◆ **PROBLEM REQUIREMENTS**
Below this line are records; write out exactly the lines from the one containing "Under Armour Unisex" through the one containing "QAZQA plafondlampen buiten", with the pictures left out.

◆ **RECORDS FOR THE EXERCISE**
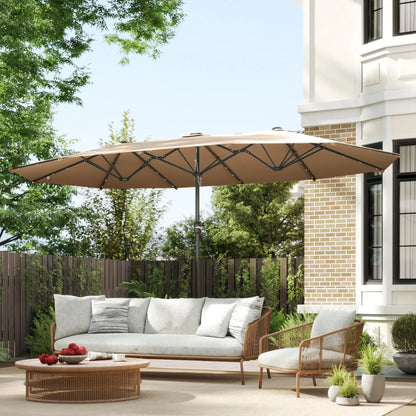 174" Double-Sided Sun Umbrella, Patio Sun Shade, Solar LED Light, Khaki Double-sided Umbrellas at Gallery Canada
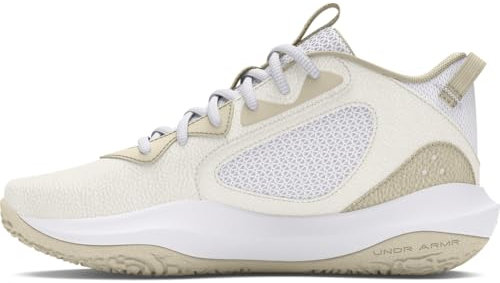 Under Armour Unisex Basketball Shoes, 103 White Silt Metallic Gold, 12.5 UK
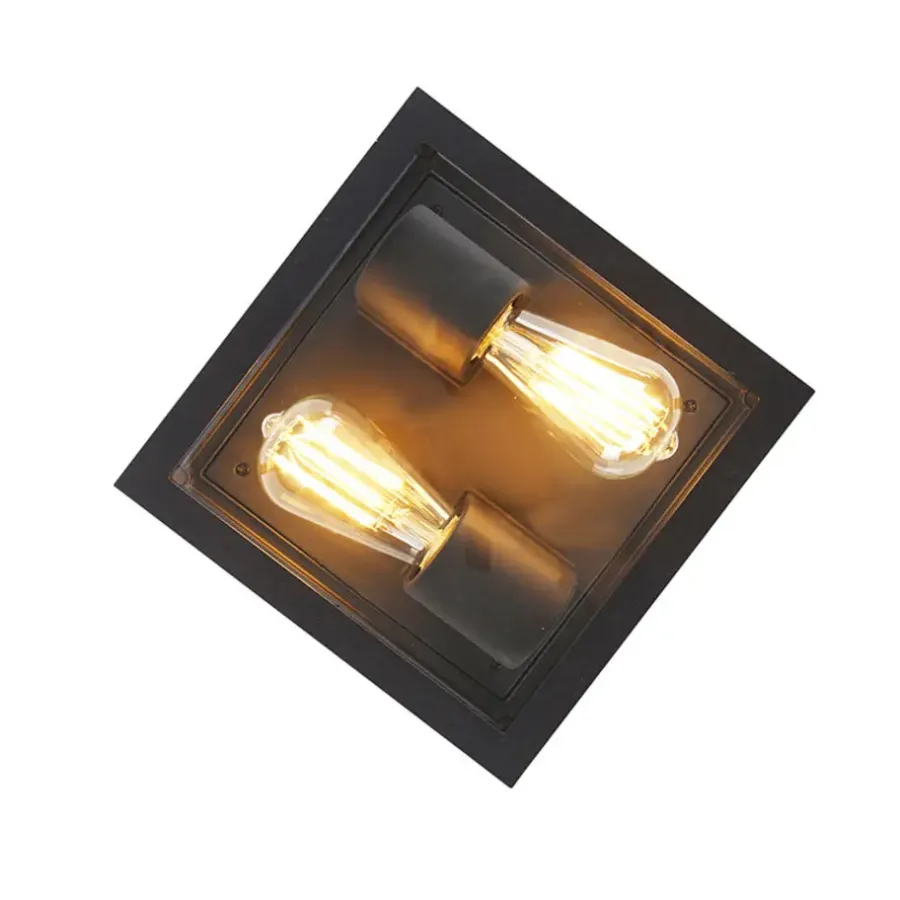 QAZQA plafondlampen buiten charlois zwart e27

* * *

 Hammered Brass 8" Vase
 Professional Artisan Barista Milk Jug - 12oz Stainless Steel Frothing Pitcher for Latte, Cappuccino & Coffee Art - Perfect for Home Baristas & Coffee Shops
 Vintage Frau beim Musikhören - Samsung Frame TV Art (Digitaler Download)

◆ **EXERCISE ANSWER**
 Under Armour Unisex Basketball Shoes, 103 White Silt Metallic Gold, 12.5 UK
 QAZQA plafondlampen buiten charlois zwart e27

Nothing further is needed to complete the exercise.